High School Students from Japan, US and Russia discuss the Nuclear Ban Treaty in Monterey
Masako Toki and Christina Pineda
Students and teachers from Japan and Russia joined their peers from the United States to participate in the Critical Issues Forum (CIF) Conference, which was held in Monterey, CA, March 30–31. This annual event is sponsored by the James Martin Center for Nonproliferation Studies (CNS) at the Middlebury Institute of International Studies at Monterey (MIIS) as part of the center’s commitment to nuclear nonproliferation and disarmament education. The CIF program, in particular, focuses on engaging high school students, who will become the leaders of tomorrow, on nuclear issues.
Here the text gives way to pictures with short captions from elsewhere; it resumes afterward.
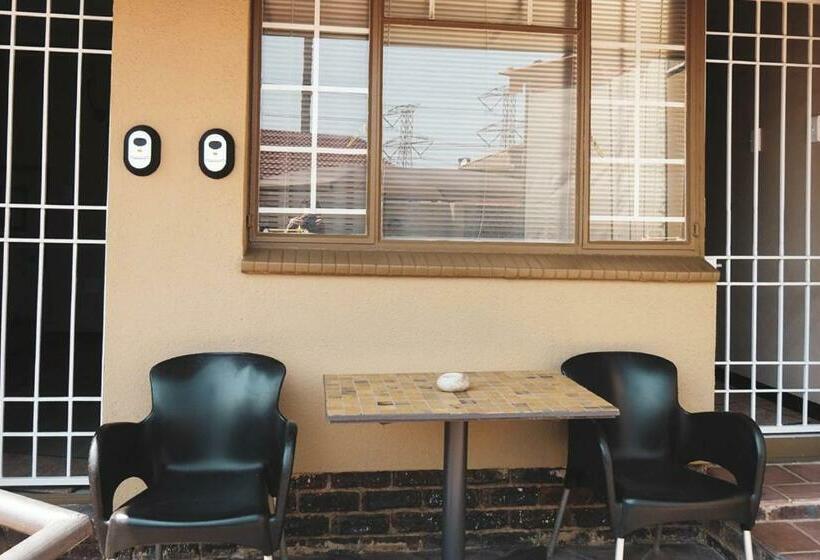 Standardzimmer, Koemi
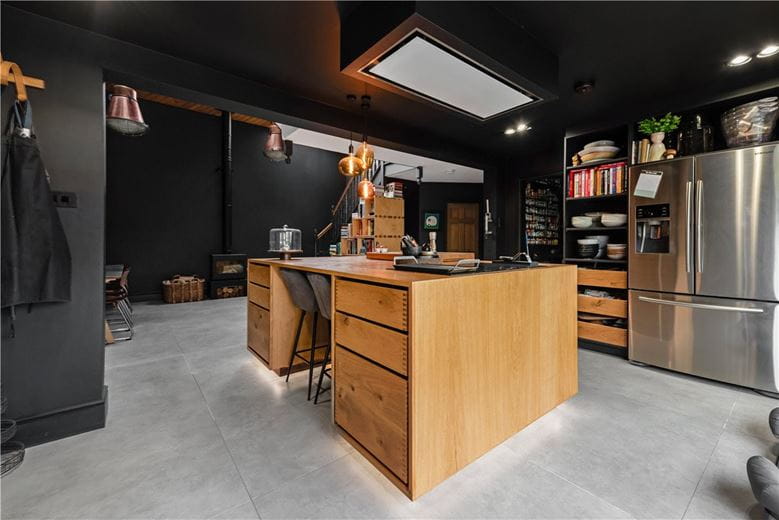 4 bedroom house, Main Street, Ulleskelf LS24 - Available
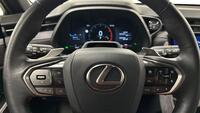 Lexus LBX vaihtoauto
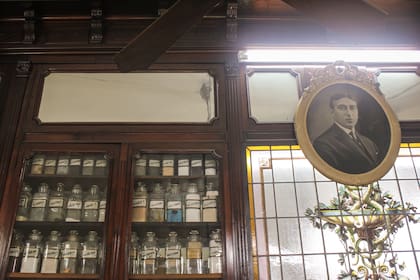 Juan Manuel Domínguez fue el abuelo de Arturo, que hoy atiende la Antigua Farmacia Del Águila.
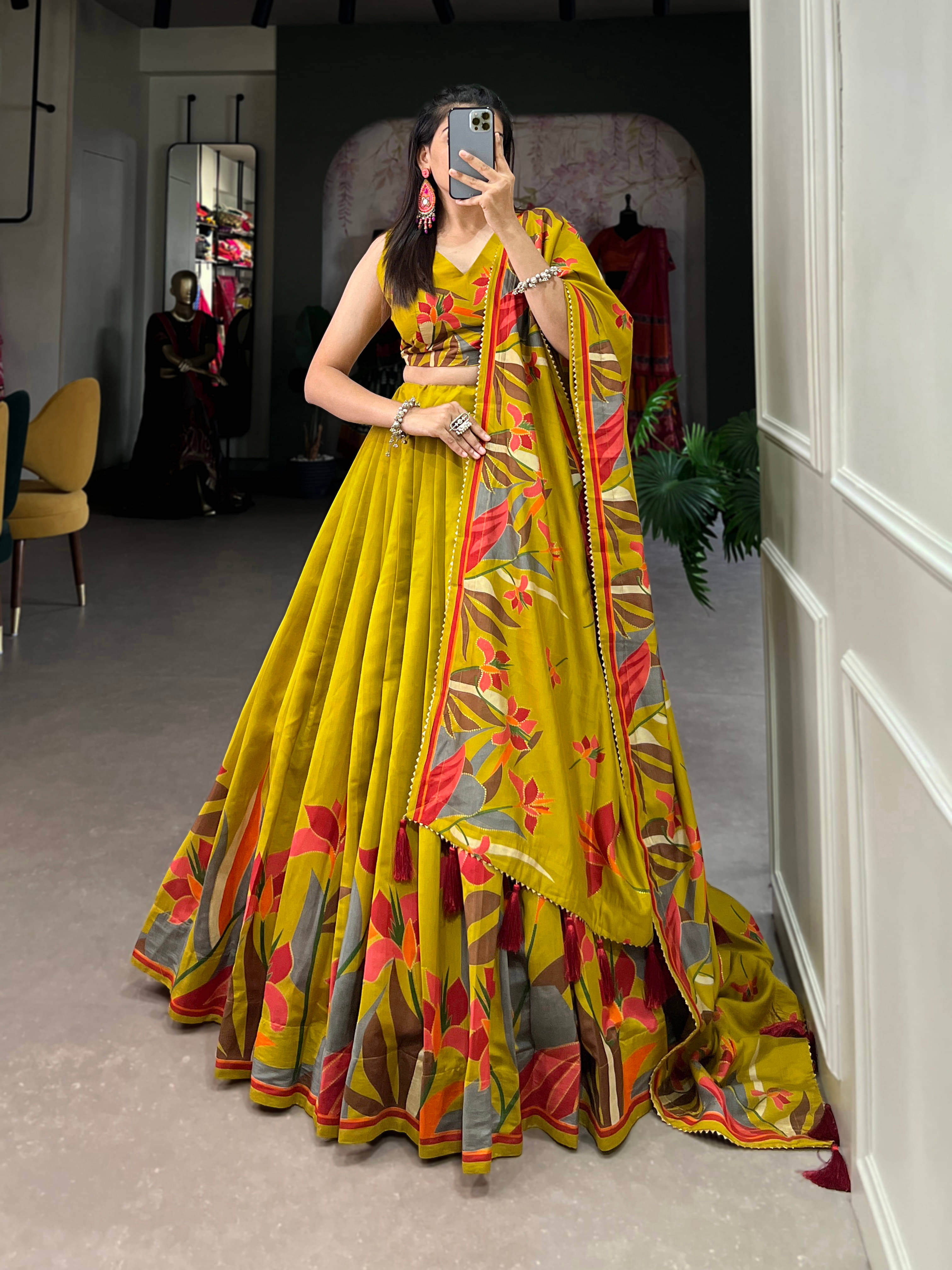 CYNOR Yellow Tussar Silk Chaniya Choli Semi Stitched Lehenga Single CYNOR Yellow Tussar Silk Chaniya Choli Semi Stitched Lehenga Single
For the past twenty-one years, the CIF Conference has chosen challenging, timely, and relevant topics in the field of nuclear nonproliferation and disarmament. This year’s topic, “Treaty on the Prohibition of Nuclear Weapons: Achievements, Aspirations, and Challenges Ahead,” allowed participating students to explore one of the most challenging issues in the contemporary nuclear field: the fundamental difference between disarmament advocates and deterrence advocates. The CIF challenged students to reconcile the seemingly incongruous positions between these two camps. Students also investigated the role of existing nuclear nonproliferation and disarmament treaties, including the Treaty on the Non-proliferation of Nuclear Weapons (NPT) and the Comprehensive Nuclear-Test-Ban Treaty (CTBT) and these treaties’ relationship with the newly adopted Treaty on the Prohibition of Nuclear Weapons, commonly referred to as the Ban Treaty. In addition, students learned about the role of civil society and the importance of international collaboration in this exceptionally adversarial geopolitical landscape.
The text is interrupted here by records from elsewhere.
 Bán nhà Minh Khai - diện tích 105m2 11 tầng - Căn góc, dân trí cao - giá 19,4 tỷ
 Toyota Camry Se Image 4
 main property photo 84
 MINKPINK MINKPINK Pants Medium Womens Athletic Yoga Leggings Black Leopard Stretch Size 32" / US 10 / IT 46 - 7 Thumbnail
The Ban Treaty resulted from the advocacy efforts of civil society organizations and like-minded non-nuclear-weapon states (NWS) during heightened tensions between nuclear-weapon states and non-nuclear-weapon states (NNWS). One hundred and twenty-two states at the United Nations adopted the Ban Treaty on July 7, 2017, after less than one year of negotiations. Two months later, on September 20, the Ban Treaty opened for signature. The international community of states is divided on its support for the treaty; CIF encouraged its students to find common ground between opponents and proponents and begin to develop their own perspectives. The Russian, Japanese, and American students who presented their projects at the conference have been researching and learning about nuclear weapons and the Ban Treaty for over a semester.
Opening of the Conference
The CIF Conference opened on March 30, when students from six Japanese high schools, seven American Schools, and three Russian schools, along with one Japanese High School Peace Ambassador, convened in Monterey to share their perspectives on the Ban Treaty and promote cross-cultural understanding. Following opening remarks by CIF Project Manager Masako Toki, CNS Founding Director Dr. William Potter warmly welcomed the CIF students and reiterated the importance of youth engagement in the field of nuclear weapons issues, and reaffirmed CNS’s commitment to next generation training and education in this field. Dr. Potter’s welcome was followed by remarks by MIIS Dean Dr. Jeff Dayton-Johnson, vice president for academic affairs.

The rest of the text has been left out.